Question: when was the last time markets lost 7% in one week? Late August. And before that? December 2014. I suspect most readers can still remember the August correction, but December 2014? And yet, it’s true: from close on 8 December to close on the 15 December 2014 the Amsterdam exchange lost 7.3%. A painful slap that must have caused a lot of turmoil in that time, but that we can barely remember now. Dustbin of history. Because this happened at the end of a pretty strong year, the fate of that single down week was sealed in advance.

And that’s the difference between the first trading day or week of the year and all other days or weeks. Throughout the year, the closing level of the AEX on 31 December is seen as the benchmark for the new year, so a poor first week sticks in the memory for much longer than a bad week some other time during the year. And that applies much more so to the first trading day: closing 4 January with a loss of 2.3% somehow feels more threatening than the 3.7% loss on 3 December 2015. What’s more, in 2015 there were 12 trading days with larger losses and I’ll bet that there are few people who could name them.

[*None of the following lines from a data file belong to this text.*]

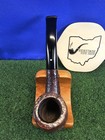 1973 Dunhill Shell Briar 4s Bent Billiard Restored British Estate Briar Pipe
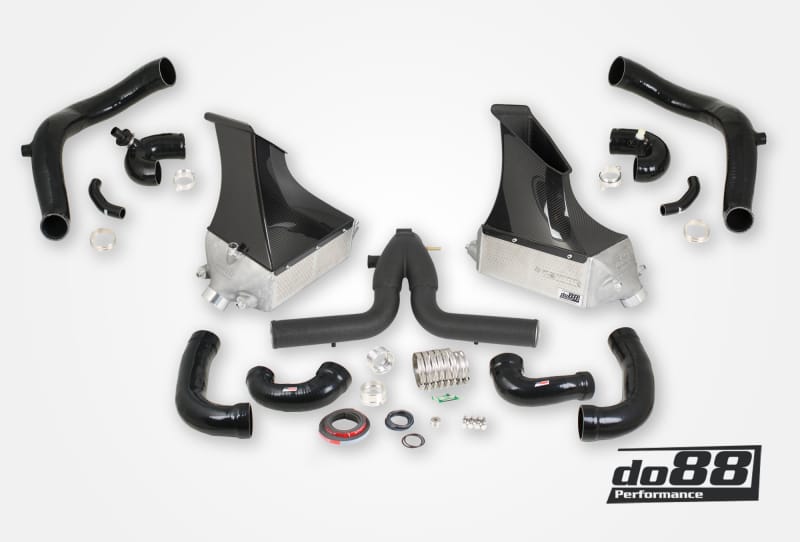 do88 — do88 2015+ Porsche 911 Turbo/Turbo S (991.2) BigPack Intercooler Kit w/Inlets
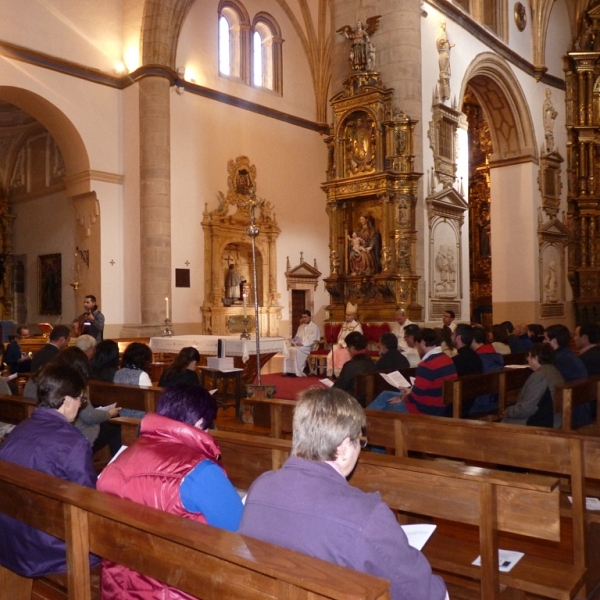 Celebración del Envío de catequistas y profesores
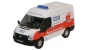 OXFORD DIECAST 76FT008 FORD TRANSIT MKV SWB NHS BLOOD DONOR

The conclusion? It’s important to emphasize that we seem to place greater weight on the first trading day and the first trading week of a year.

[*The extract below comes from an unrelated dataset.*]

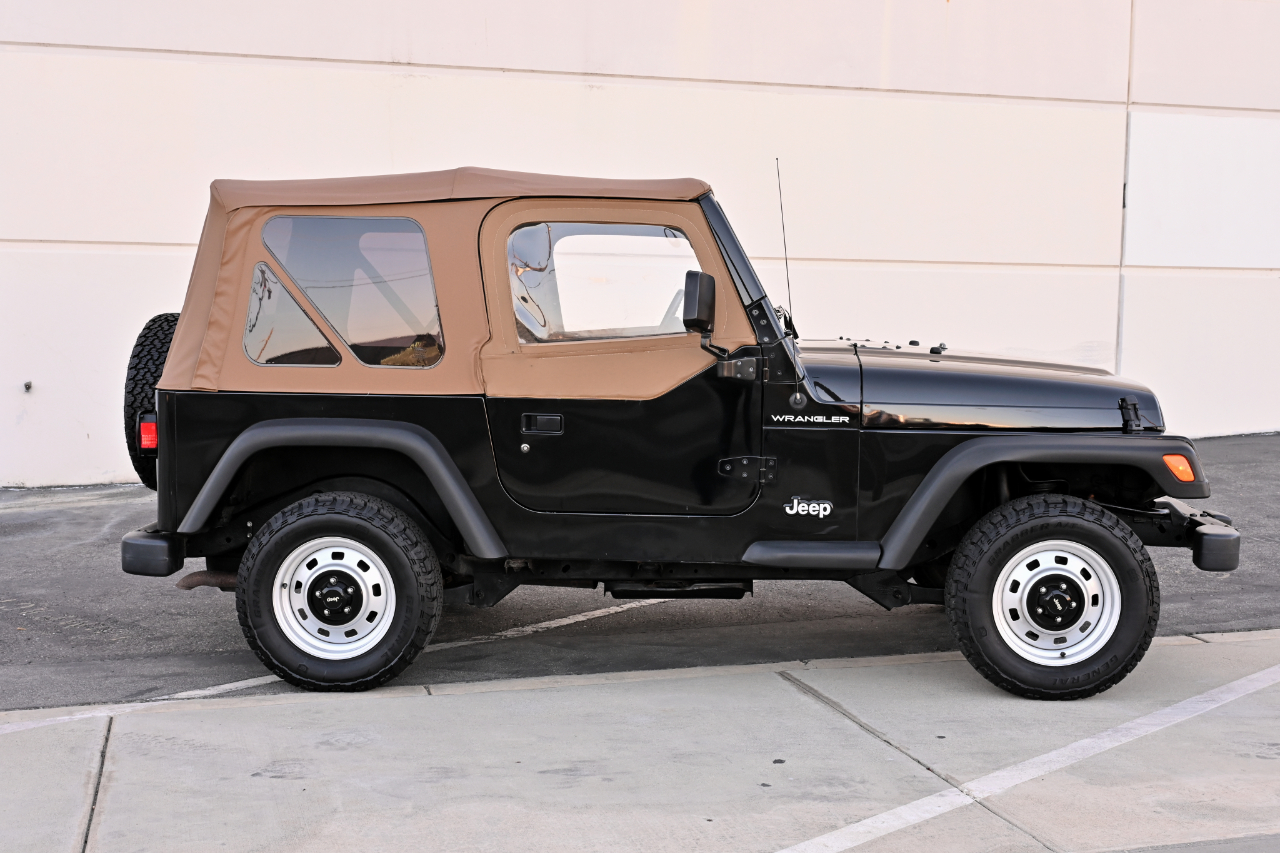 Jeep Wrangler SE 1998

Which finally brings me to this week’s graph. It’s a very simple thing that shows how often the market (the Dow Jones in this case) closes the year with a negative result. The left-hand column shows the percentage for years in which the first trading day was positive, and the right-hand column the percentage for years in which the first trading day was negative. In words: after a positive first trading day (left hand side), the chance of a negative trading year is 26%, but after a negative first trading day (right hand side) that percentage rises to nearly 50%. As a nerdy statement: above the graph it states incorrectly that these are ‘the odds’. They are not: these are simply the results we have observed in the past, but that’s a minor quibble.

I must say it looks very impressive. But one note of caution to state from the off is that we still have 50% odds on a positive close to the year after a negative first trading day, so we can conclude straight away that it’s too early to write off 2016 just yet.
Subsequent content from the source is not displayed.